I am reminded of a fun, but endearing (at least to me) film from 1958, Teacher’s Pet, starring Clark Gable and Doris Day about the newspaper biz. Gable is the stereotypical grizzled city editor, who posed as a night school student in professor Doris Day’s introductory news writing course. Gable’s character has little formal education and has a dislike for college-educated journalists, he learned the traditional and painful way, by working his way up at the hands of critical and grumpy old men. The film raises several points about what is news and what is entertainment and social commentary, all printed on the same paper with the same ink. A bit of what we struggle with today in digital or high definition formats.
In the film, there is a young man, played by Nick Adams, who wants to forgo college (much to the disappointment of his mother) to join the newspaper and work his way up. Over the course of the film, Gannon (Gable), changes his view on “education” and sides with the mother on the kid going to college.
Bernstein could almost be the Adams character, the kid with a thirst to be a newsman, who is so determined that he will start at the bottom and absorb the skills and savvy needed, where the carbon paper and newspaper print stain your hands.
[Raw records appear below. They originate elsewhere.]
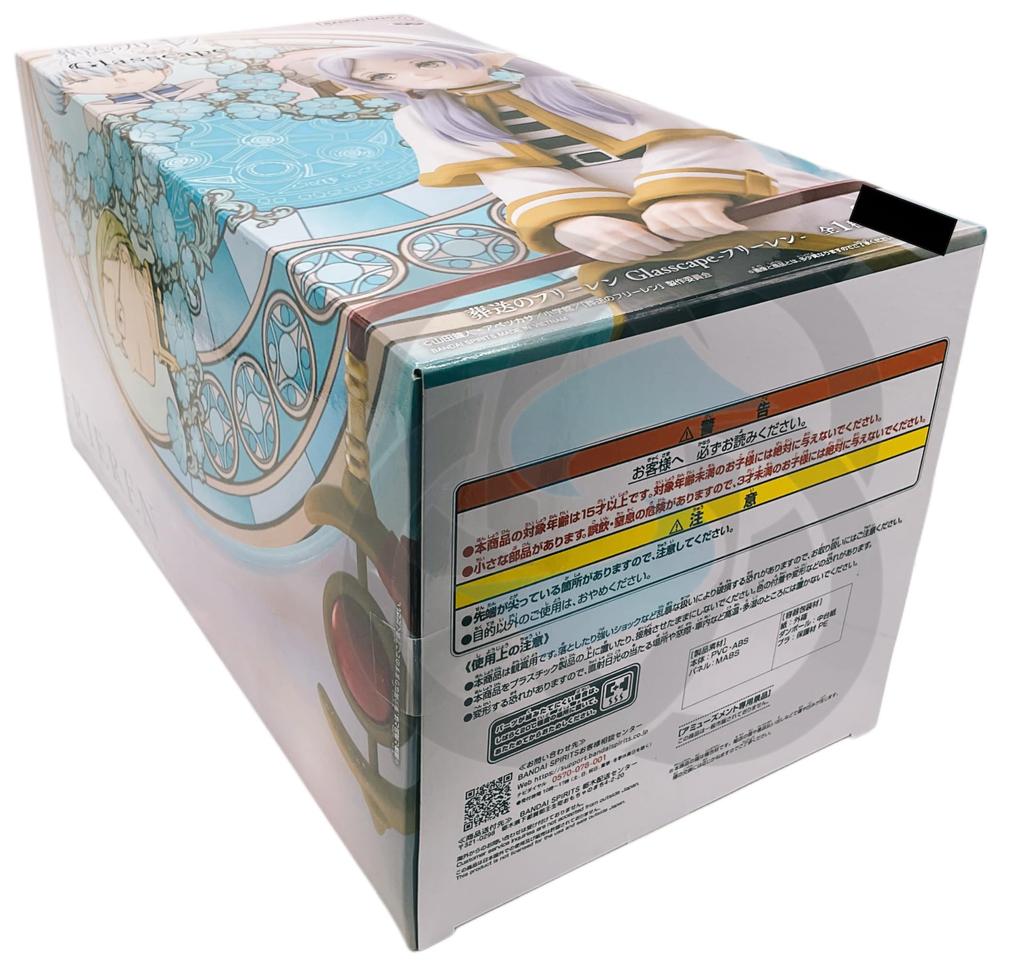 Funeral of Furiren Figure Glasscape-Furiiren-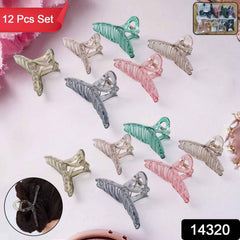 Hair Clutcher Clips – Premium 12-Pc Multicolor Stylish Hold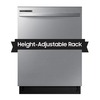Samsung Fingerprint Resistant 53 dBA Dishwasher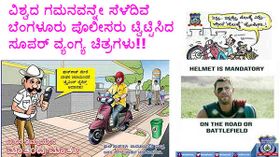 ವಿಶ್ವದ ಗಮನವನ್ನೇ ಸೆಳೆದಿವೆ ಬೆಂಗಳೂರು ಪೊಲೀಸರು ಟ್ವಿಟ್ಟಿಸಿದ ಸೂಪರ್ ವ್ಯಂಗ್ಯ ಚಿತ್ರಗಳು!!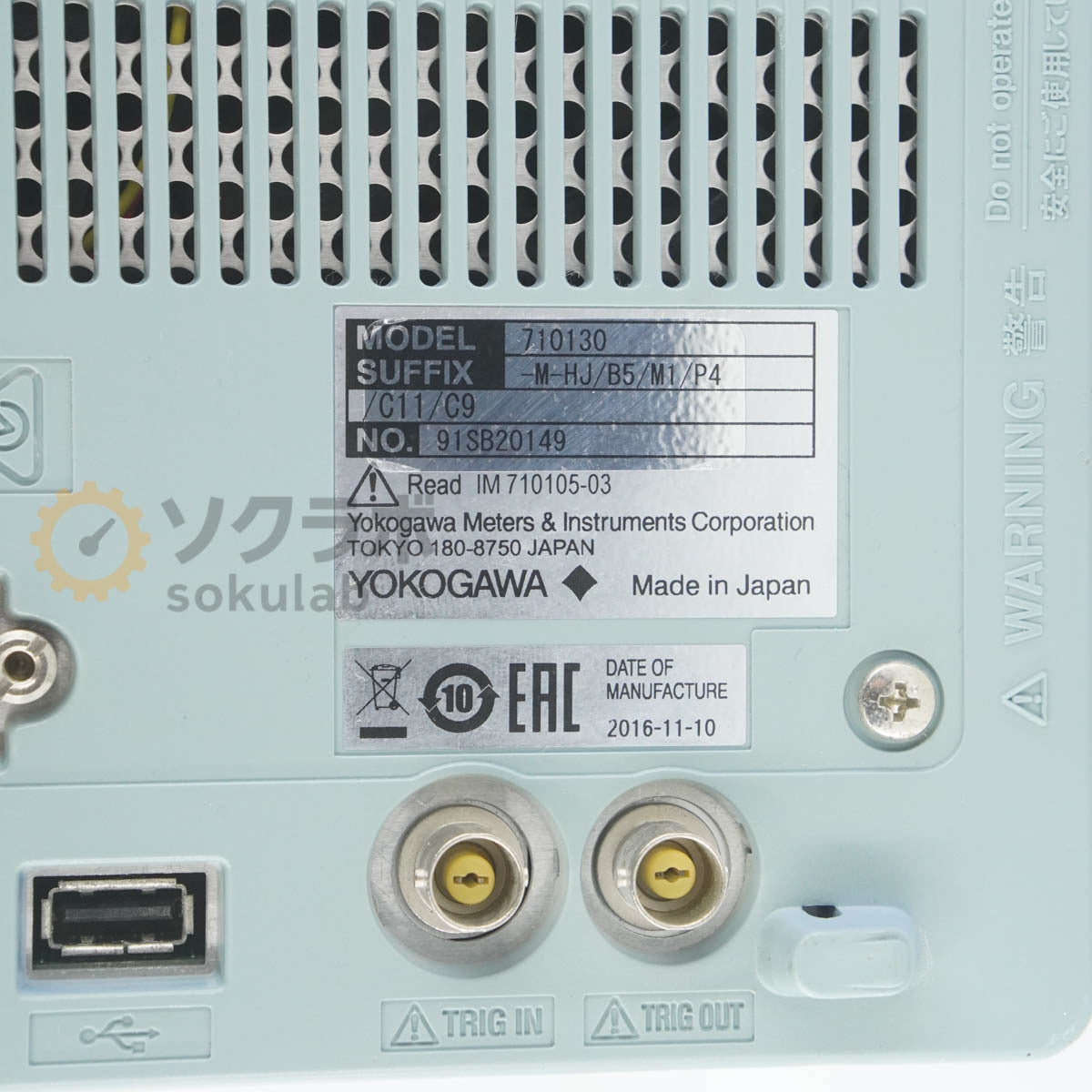 YOKOGAWA DLM2054 Mixed Signal Oscilloscope 500MHz [q1217899993]
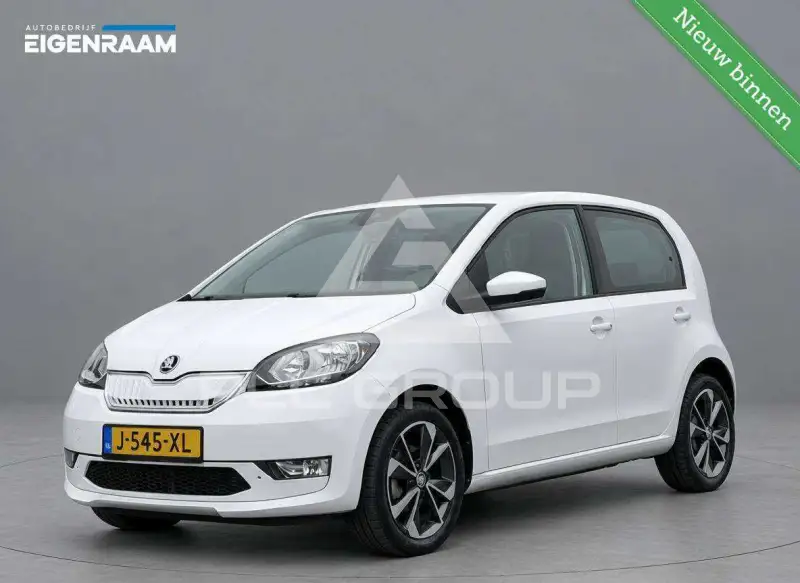 2020 Skoda Citigo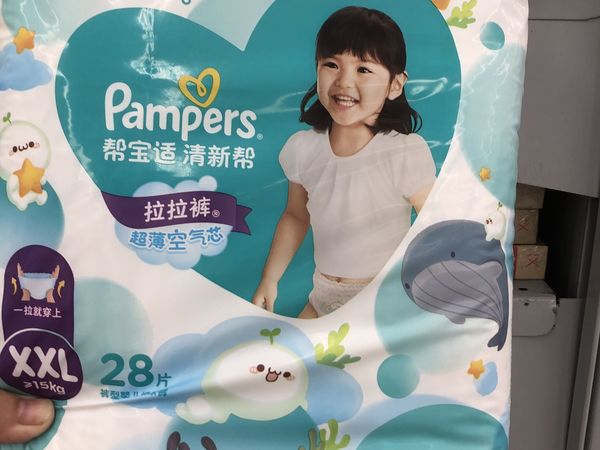 好用的拉拉裤，帮宝适清新帮推荐！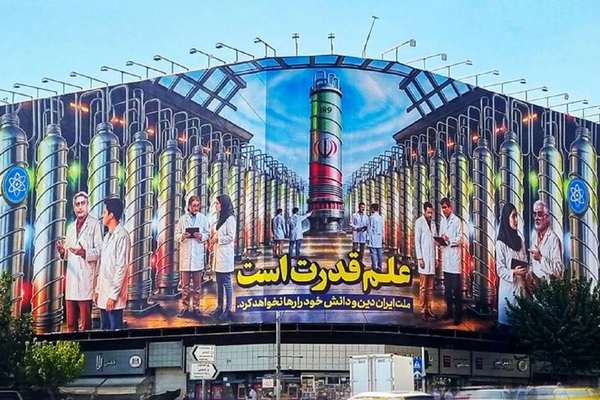 مجلس الأمن الدولي يصوّت اليوم على عودة العقوبات ضد إيران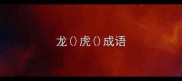 龙虎成语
Reading this book you can almost feel the energy of the newspaper operation, the typesetters, the dictation of stories over the phone, the machines spitting out news from around the country and internationally, the editing pencils at work and the stale coffee. Bernstein captures the news-gathering world as it opened up to him, the old characters who worked the beats, set the type or kept the editions moving. No wonder, Bernstein who tried attending college at the same time, was more interested in avoiding the draft than sitting in class.
Bernstein started by working the local news: fires, crime, planning board meetings and community events. All news is local. Washington was his city. When JFK was inaugurated, Bernstein worked the local angle, getting the man on the street with comments about the parade.
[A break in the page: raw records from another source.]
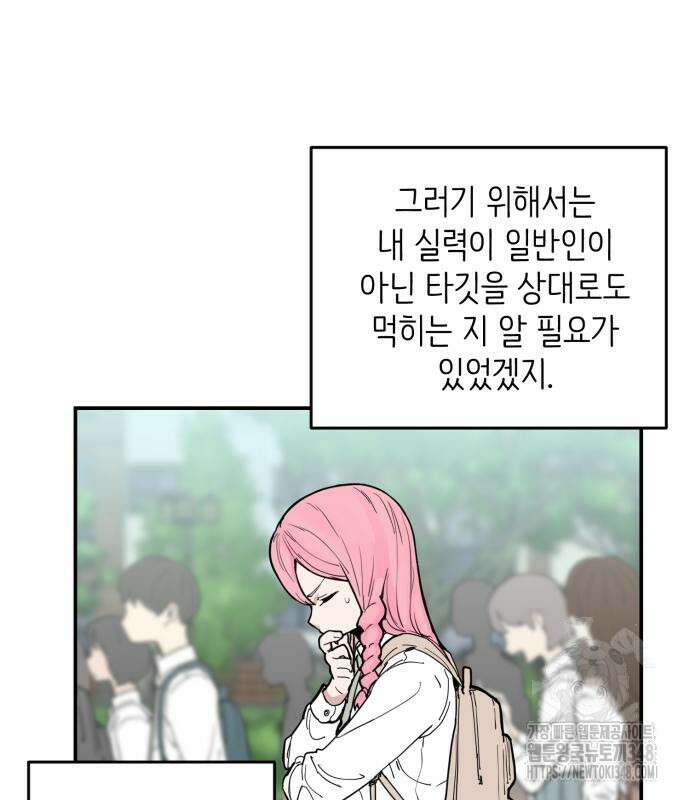 킬디스럽! 2화 10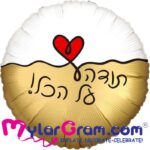 e0d678e6 b97e 11f0 8b2d 4e968a70a8d4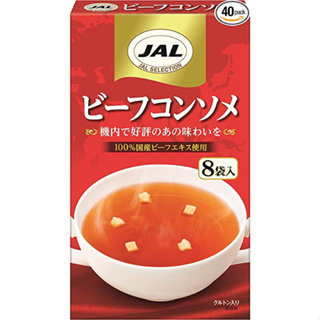 Meiji Jal Soup Beef Consomme 8 ถุง X 5 ชิ้น 40 เสิร์ฟ ซุปยอดนิยม เสิร์ฟบนเครื่องบิน ส่งตรงจากญี่ปุ่น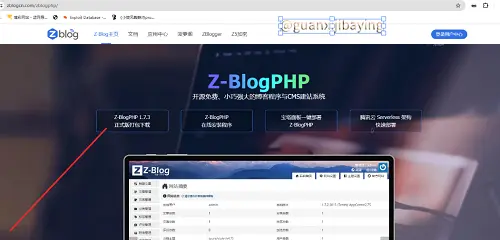 选择这个 zblog PHP 正式版打包下载，目前最稳妥的只有这个下载包安装。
“From the time I’d arrived at the paper there was no question that civil rights was all I wanted to cover,” Bernstein recounts. The civil rights struggle was about to explode, and Washington was would be a big stage. Besides the nation’s capital, it was a city with poverty, slums and municipal corruption.
“For me, listening to Dr. King’s speech, with its emotive power, and witnessing the sheer numbers of Black and white people marching together, I was certain I had experienced the most powerful moment of my lifetime-
the “someday from “We Shall Overcome’ was drawing nearer,” Bernstein reflecting on King’s speech at the March on Washington, 1963.
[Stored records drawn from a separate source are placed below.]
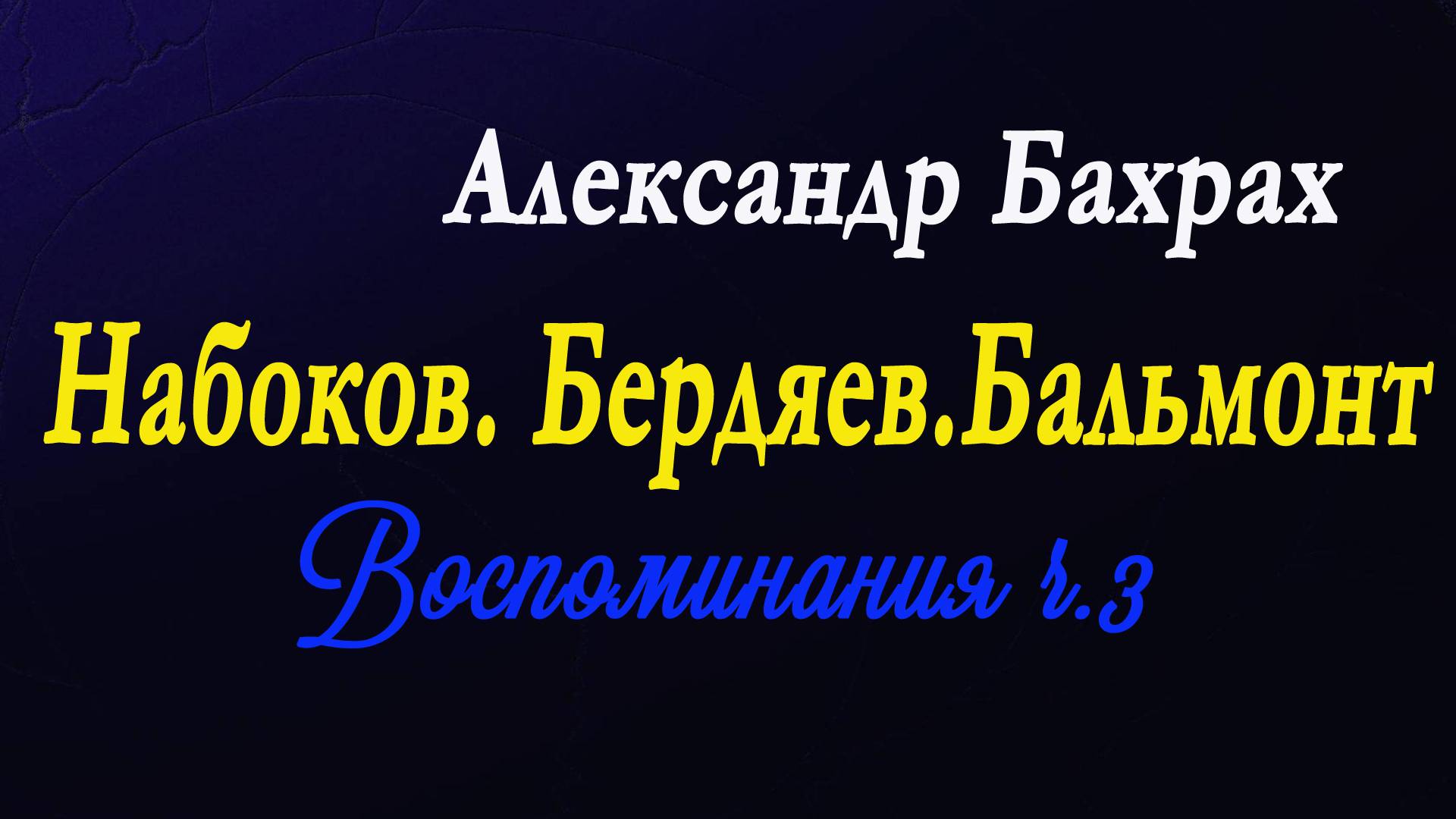Александр Бахрах- Бальмонт.Набоков.Бердяев. Воспоминания.ч.3 смотреть онлайн
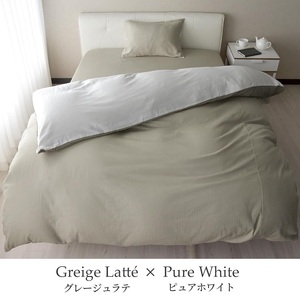 綿100% 和晒製法ダブルガーゼ ベッド用 布団カバー3点セット セミダブルサイズ グレージュラテ×ピュアホワイト 静岡 浜松市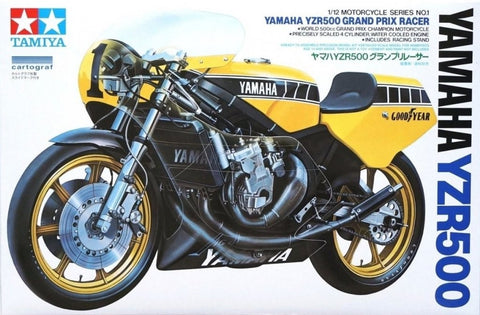Khaled Model D003 1/12 Metal Disc Brakes for Yamaha YZR500 (1980 Model) (for Tamiya)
In November of 1963, the unthinkable happened, the President of the United States was assassinated. Bernstein, was by then in charge of the dictation group, who typed stories via telephone from reporters in the field. He dictated the story from the Star’s reporter in Dallas, then was dispatched to the Capitol to see what he could find out about House Speaker John McCormack’s whereabouts since he was third in line of succession. After finding the Secret Service preventing any information about the Speaker, Bernstein went outside to get a sense of how the public was dealing with the news. A pretty heady day for a 19 year old reporter.
It would be a long time till the Watergate burglary. Bernstein’s book is not about that or his Washington Post years. What we get is the formative years of a young reporter, one with a social conscience. Watergate would propel Bernstein into the big time, and make him a star. Everyone would know the names Woodward and Bernstein. He would go on to high profile jobs and a marriage that would provide unwanted notoriety. He would be portrayed by Dustin Hoffman and Jack Nicholson in the movies. What a life.
Bernstein quotes Dwight Eisenhower from his final news conference as president. “Well, when you get down to it, I don’t see what a reporter could do much to a president, do you?”
If you like newspapers, memoirs, social history or curious about Bernstein’s early career, this is a good read. It bogs down occasionally, but Bernstein provides a compelling story: his.